Wednesday, August 15, 2012

Dodged a Bullet


            It was about three weeks ago a man shot several dozen and killed one dozen in a movie theater in Aurora, Colorado.  Yesterday a man dropped a handgun he had brought into a movie theater in Sparks, Nevada where it discharged, injuring him in the seat of his pants.  Between the shooting in Colorado and the accidental shooting in Sparks, I took my two sons to see the movie from the former shooting at the theater of the latter. 
            Soon after the Colorado shooting many gun/second amendment supporters suggested that if there had been armed civilians in the movie theater the night a mad man came in, the death toll would have been smaller, perhaps even restricted to the mad man himself.  Maybe that’s what the Sparks man was thinking when he walked into the theater with a handgun in his pocket.  I suppose the attraction to be a hero who stands up and guns down a possible murderer is pretty powerful.  Imagine the entire country finally seeing a killing was prevented by a man who legally owned and carried his weapon on the national news.
            Unfortunately what happened in Sparks was far more likely because statistically the chance of a gunman bent on murder entering the same theater as a legally armed civilian is very unlikely, but instead it’s statistically more likely an owner’s gun causing harm to himself and those around him.  This man is also very lucky that when his weapon fell out of his pocket the bullet didn’t hit another theater patron.
            Others will argue that more and more civilians should carry guns all the time, bringing the odds of the murderer and the hero being in the same place at the same time, allowing them to be Harry Callahan or Jack Reacher.
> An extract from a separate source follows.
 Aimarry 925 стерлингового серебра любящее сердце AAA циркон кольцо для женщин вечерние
But personally I don’t want to be in the theater/classroom/church when the gun battle starts, especially if the caliber of the “good guys” doing the shooting is represented by the gentleman who dropped his gun in Sparks yesterday.  (By the way, how likely is it that a dropped handgun discharges?  I’m just asking.)
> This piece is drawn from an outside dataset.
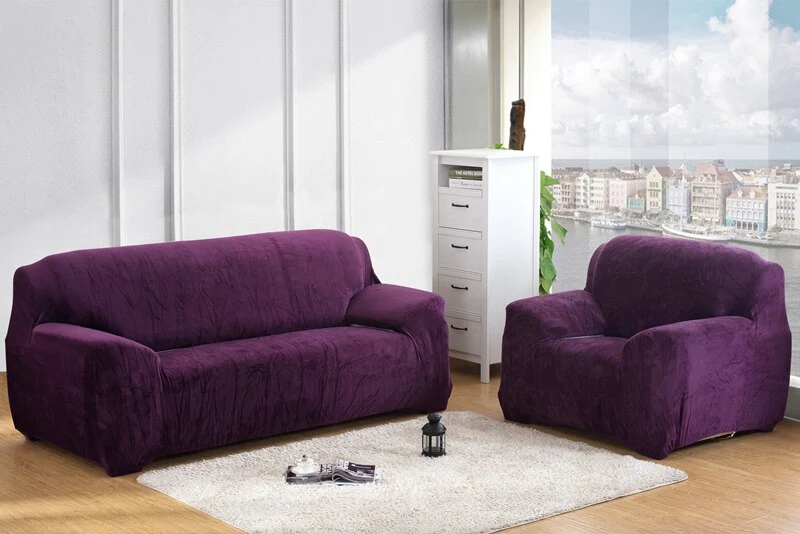 Thick Velvet Sofa Covers for Couch Cover Super Stretch Non Slip Couch Cover Friendly Elastic Furniture Protector Plush Sofa Slipcovers - Image 13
For two years I wore a M1911 .45 pistol in a holster on my belt while I was a boarding officer in the Coast Guard.  I remember it was nicknamed simply the Forty-five.  (Pictured above)  I qualified on it every year, twice a year.  I also went to a three week law enforcement training in Modesto where we went to the range every day.  I was expected to be able to un-holster it, click off the safety, chamber a round, and hit my target if the situation required it.  During those qualifying days I had all the time I needed to hit a target 25 yards away.  I usually qualified on the lower end of the scale.  Meaning I wasn’t a particularly good shot.  I can’t imagine my aim would improve with someone shooting back at me or others.
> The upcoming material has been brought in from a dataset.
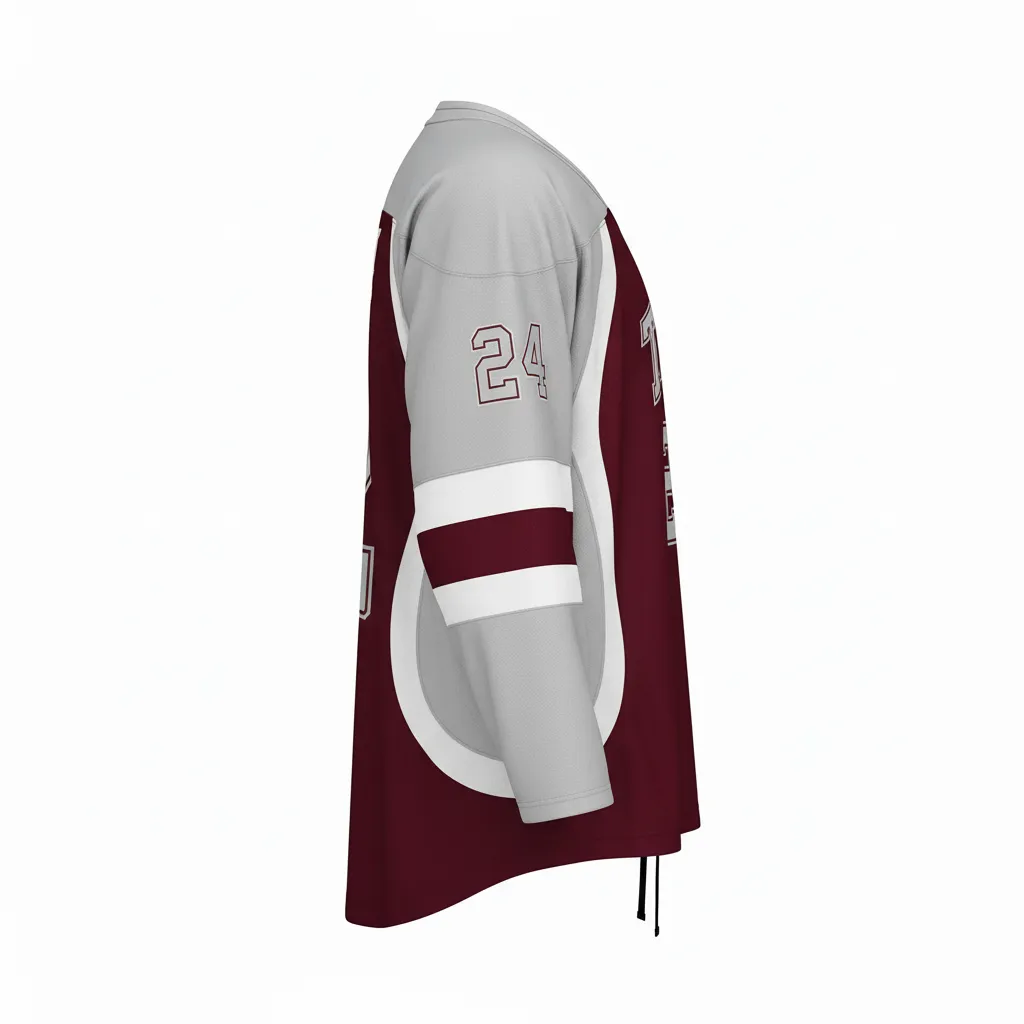 Custom Ice Hockey Game Day Away Jersey - Burgundy, Silver - Side View - Kinexa Sportswear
What am I saying?  I think while a hero standing up and taking down a man intent on murder looks great in books and movies, in real life it’s far too risky that innocents would be injured or killed.  Let’s not add more guns to daily public life, let’s instead rest safe in the statistically unlikely chance that a gunman will try to kill us as we watch movies, or go to school or church.  At least for now.

1 comment:

  1. Resting safely while we can seems a fine idea.